# What you need to do:
Could you return the data that follows exactly, minus the images?

# Dataset content:

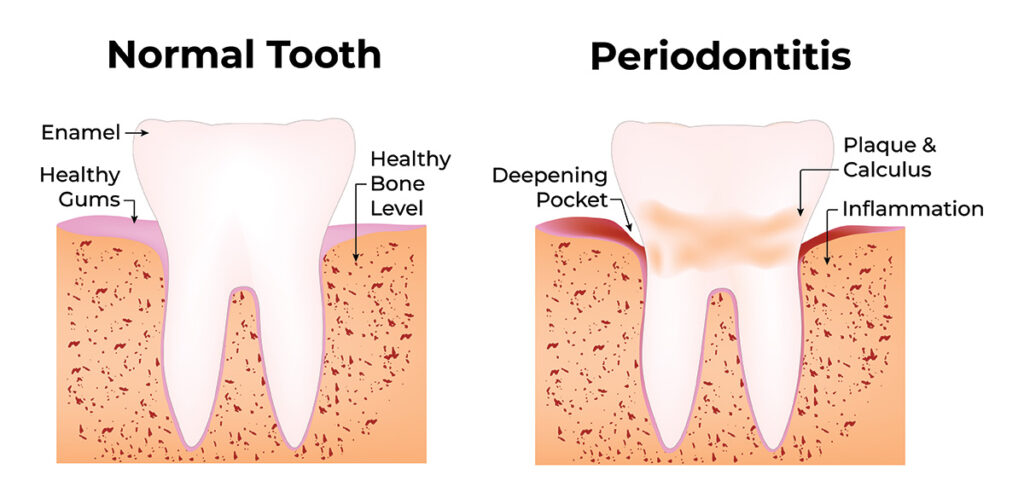 Chart illustrating a normal tooth compared to one with periodontitis. Periodontitis tooth showing deepening pocket, plaque and calculus and inflammation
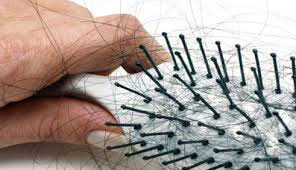 Non-Surgical Treatments for Hair Loss - Hair Fall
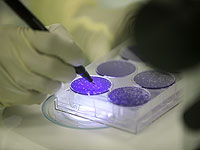 Разработан новый метод омоложения старых и поврежденных клеток человека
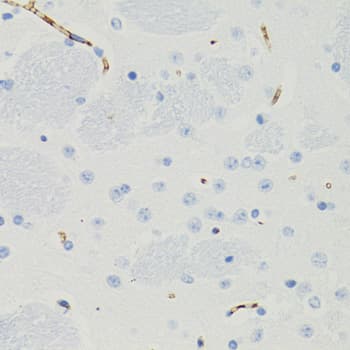 GALT Antibody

# Exercise response:
 Chart illustrating a normal tooth compared to one with periodontitis. Periodontitis tooth showing deepening pocket, plaque and calculus and inflammation
 Non-Surgical Treatments for Hair Loss - Hair Fall
 Разработан новый метод омоложения старых и поврежденных клеток человека
 GALT Antibody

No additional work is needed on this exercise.